(Records contained in a dataset)
###

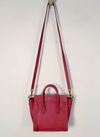 Bolsa Celine Luggage Nano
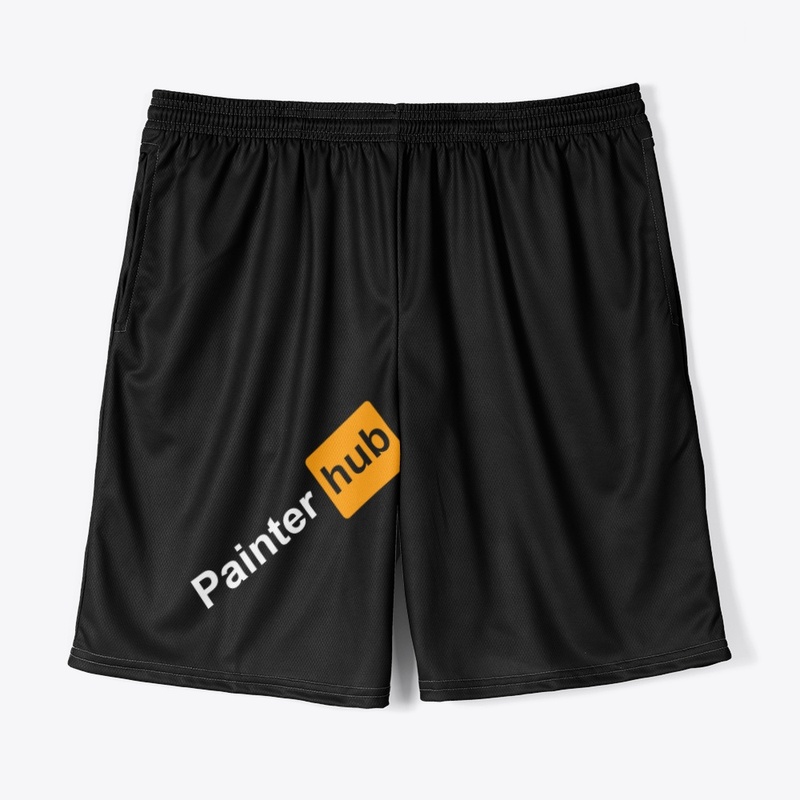 Painter hub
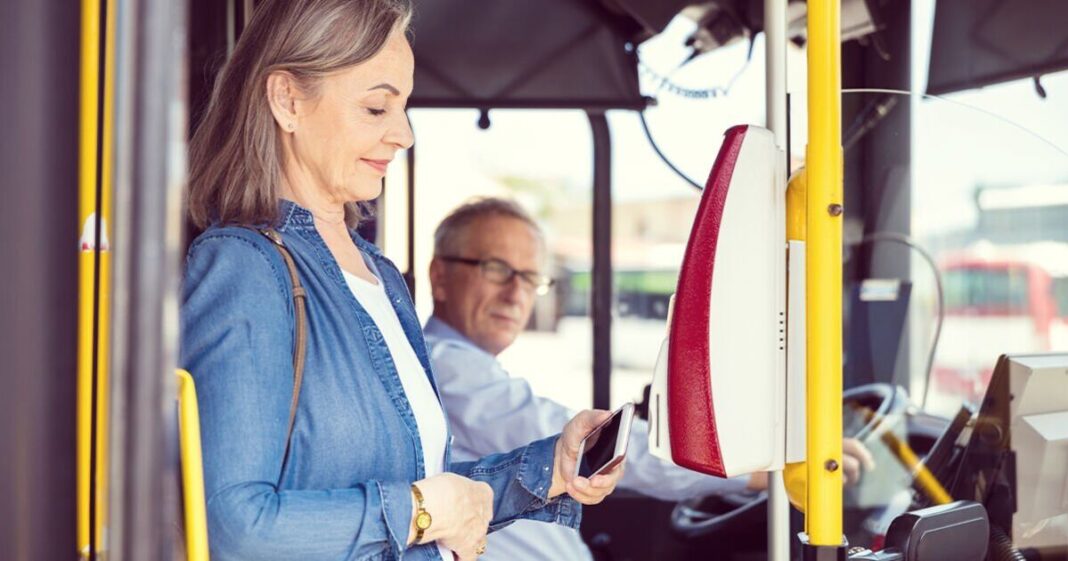 Proposal for £1.75 bus fare cap for shorter journeys of certain length | Personal Finance | Finance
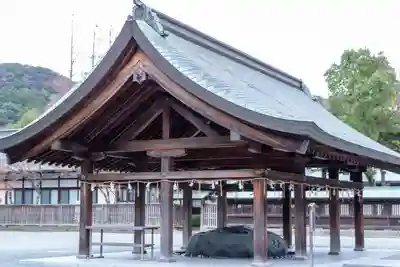 宗像大社(福岡県)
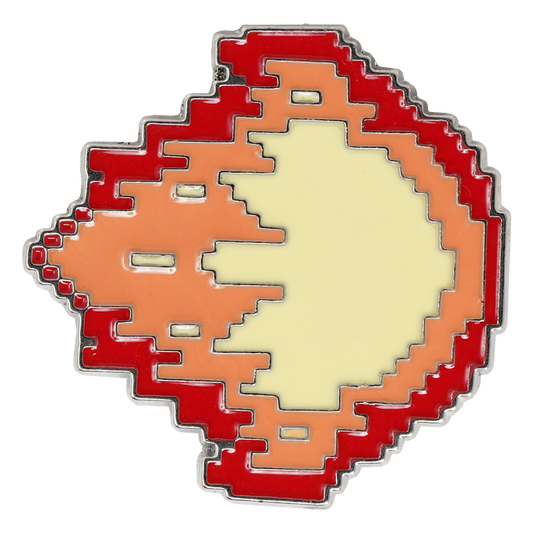Street Fighter Hadouken Pin *LAST CHANCE*
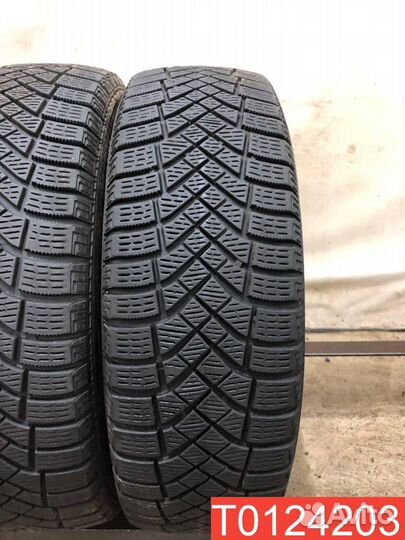 Pirelli Ice Zero FR 185/65 R15 92T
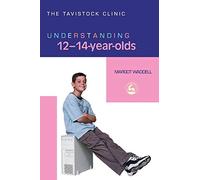 Understanding 12-14-Year-Olds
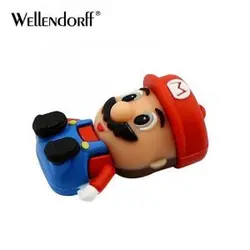 فلش 32گیگ عروسکی سوپر ماریو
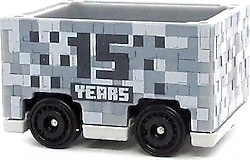 Hot Wheels Minecraft 2024 HTB38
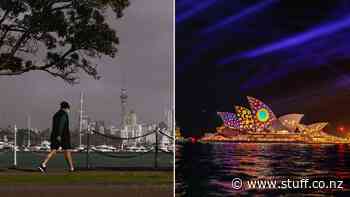 I just flew to Sydney, and yes, New Zealand is (still) a hermit kingdom - Stuff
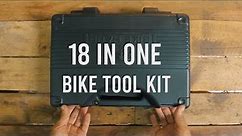 Bike tool kit. 3200 pesos. Sulit ba?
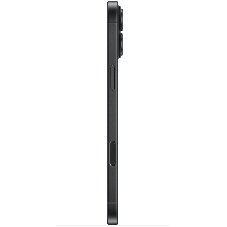 Смартфон Apple iPhone 16, 8/256Gb, черный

###

Work item -
Find the line holding "Bike tool kit. 3200 pesos. Sulit ba?" in the data above. Retype it and every later line exactly, through the end, but not the pictures.

Response to the exercise -
 Bike tool kit. 3200 pesos. Sulit ba?
 Смартфон Apple iPhone 16, 8/256Gb, черный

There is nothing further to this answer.